Dane Ortlund, the senior editor in the Bible division at Crossway Books, gives us some thoughts about this topic and some wisdom from Martin Luther.  By God's grace, may we all step into the messy for His glory.  Please comment about what you think!

Love, Pride, and Speaking Truth


We live in a world, and a Christian world, in which offending another is, in the realm of human relationship, the supreme vice. Confronted with the choice to actively speak what one believes to be true or passively let sleeping dogs lie in the name of love, we often choose the latter.

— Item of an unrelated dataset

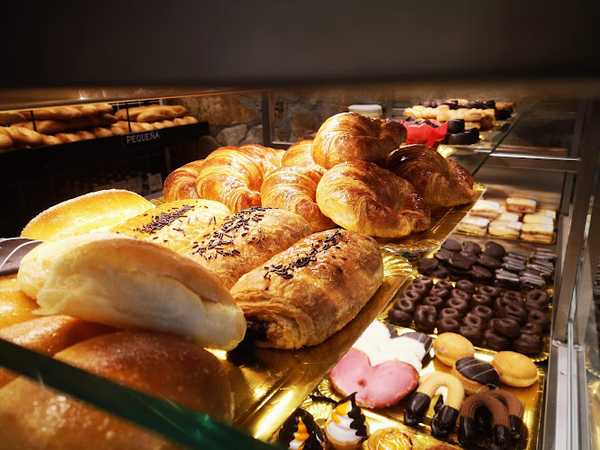 Fotografia tomada fuera de asua berri LEIOA Iparraguirre 58 (Ambulatorio Leioa) - Panadería en Leioa, Bizkaia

All we say must be done in love. That is non-negotiable. But even what that means has been hijacked in some ways by the world, softness being mistaken for love. When called for, neither Moses nor the prophets nor Jesus nor Paul nor Peter nor even the gentle-hearted John (see 1 John 2:4; 3:8, or the 'arrogance' of 4:6) refrained from non-subtle, non-manipulating, non-face-saving words of piercing truth, spoken in love yet doubtless perceived as harshness. And note that almost all of them were accused of arrogance, even Jesus. Were they unloving? No; it was their love itself that fueled such penetrating language.

May we examine ourselves? Asking if, at times, what we deem to be kindness on our part is cowardice? 'I don't want to be seen as offensive' can feel like 'I want the best for my brother.' Self-guarding is mistaken for love. It is in fact love of self. The devil smiles.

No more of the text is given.